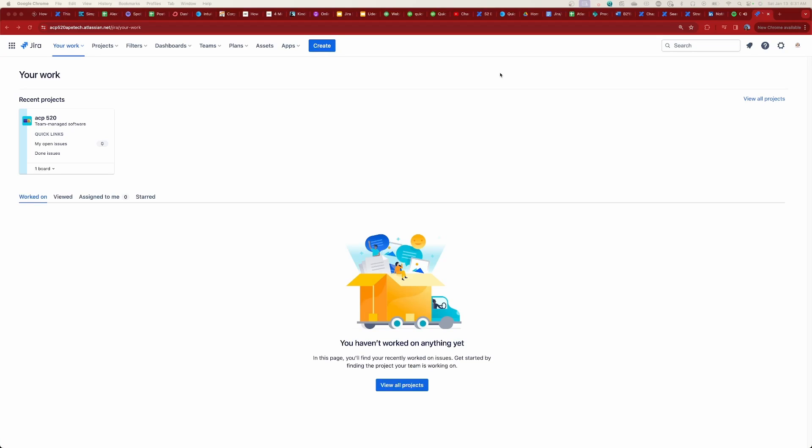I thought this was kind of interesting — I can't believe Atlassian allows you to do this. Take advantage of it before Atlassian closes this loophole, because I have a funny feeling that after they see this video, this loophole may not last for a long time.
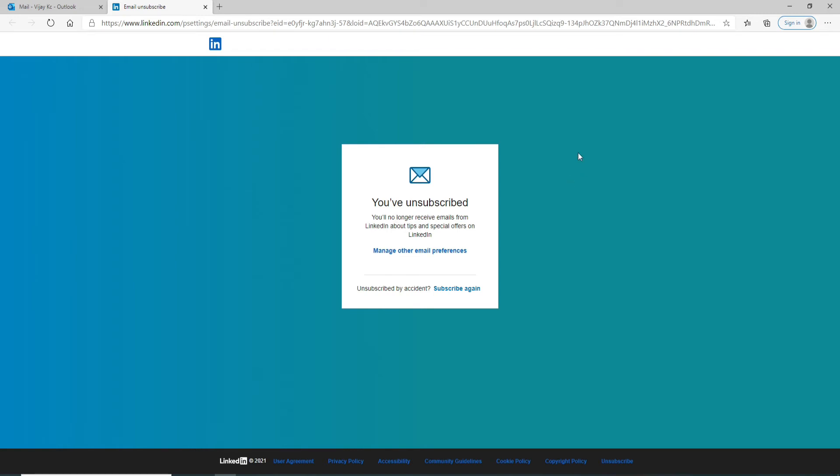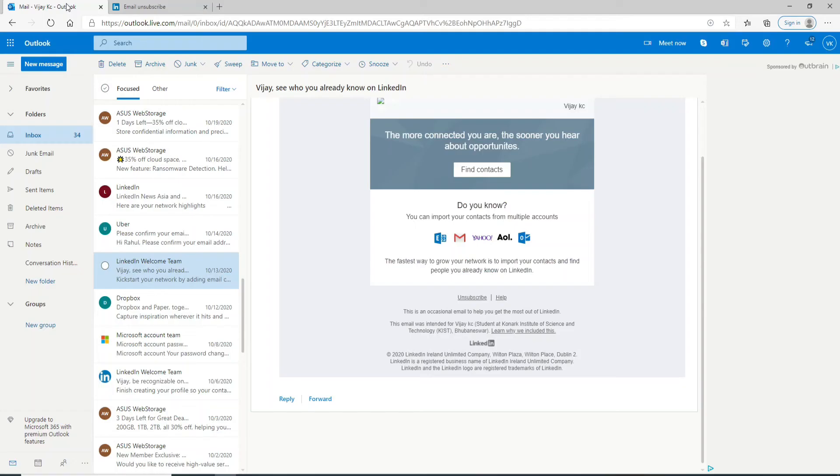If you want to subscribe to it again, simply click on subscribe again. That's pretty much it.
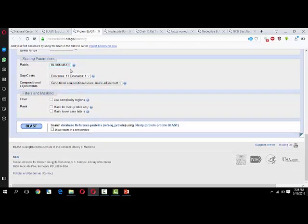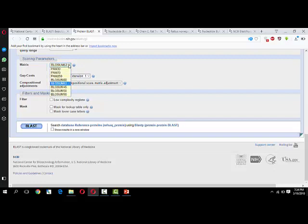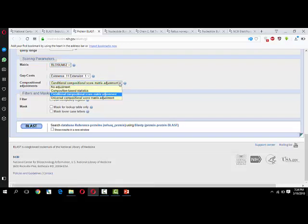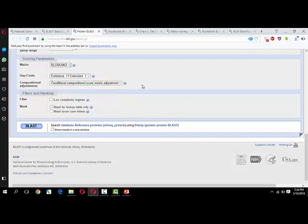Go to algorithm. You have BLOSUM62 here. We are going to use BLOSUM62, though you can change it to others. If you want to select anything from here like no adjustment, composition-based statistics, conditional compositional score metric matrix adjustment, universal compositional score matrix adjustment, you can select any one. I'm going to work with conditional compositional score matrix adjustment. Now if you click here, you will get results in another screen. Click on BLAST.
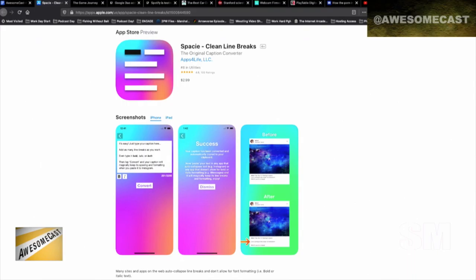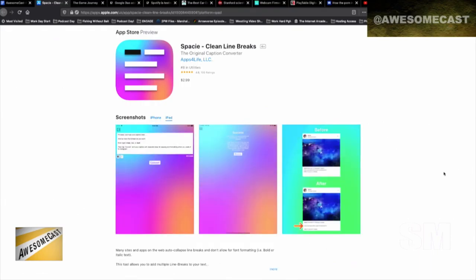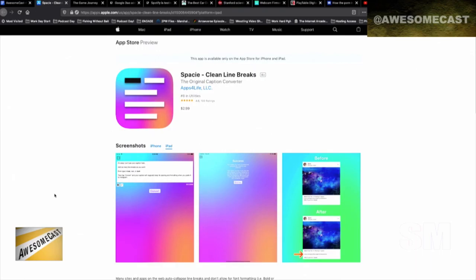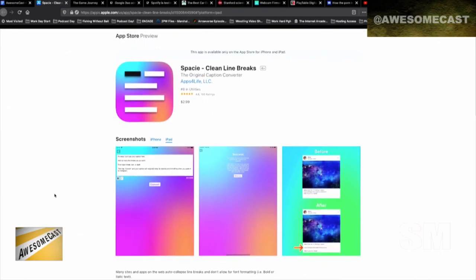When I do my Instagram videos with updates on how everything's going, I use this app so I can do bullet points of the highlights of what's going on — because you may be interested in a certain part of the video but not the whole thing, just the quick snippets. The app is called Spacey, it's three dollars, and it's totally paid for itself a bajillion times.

------------

With pictures excluded, output the listing above exactly as it stands.

◆ **EXERCISE SOLUTION**:
I thought this was kind of interesting — I can't believe Atlassian allows you to do this. Take advantage of it before Atlassian closes this loophole, because I have a funny feeling that after they see this video, this loophole may not last for a long time.
If you want to subscribe to it again, simply click on subscribe again. That's pretty much it.
Go to algorithm. You have BLOSUM62 here. We are going to use BLOSUM62, though you can change it to others. If you want to select anything from here like no adjustment, composition-based statistics, conditional compositional score metric matrix adjustment, universal compositional score matrix adjustment, you can select any one. I'm going to work with conditional compositional score matrix adjustment. Now if you click here, you will get results in another screen. Click on BLAST.
When I do my Instagram videos with updates on how everything's going, I use this app so I can do bullet points of the highlights of what's going on — because you may be interested in a certain part of the video but not the whole thing, just the quick snippets. The app is called Spacey, it's three dollars, and it's totally paid for itself a bajillion times.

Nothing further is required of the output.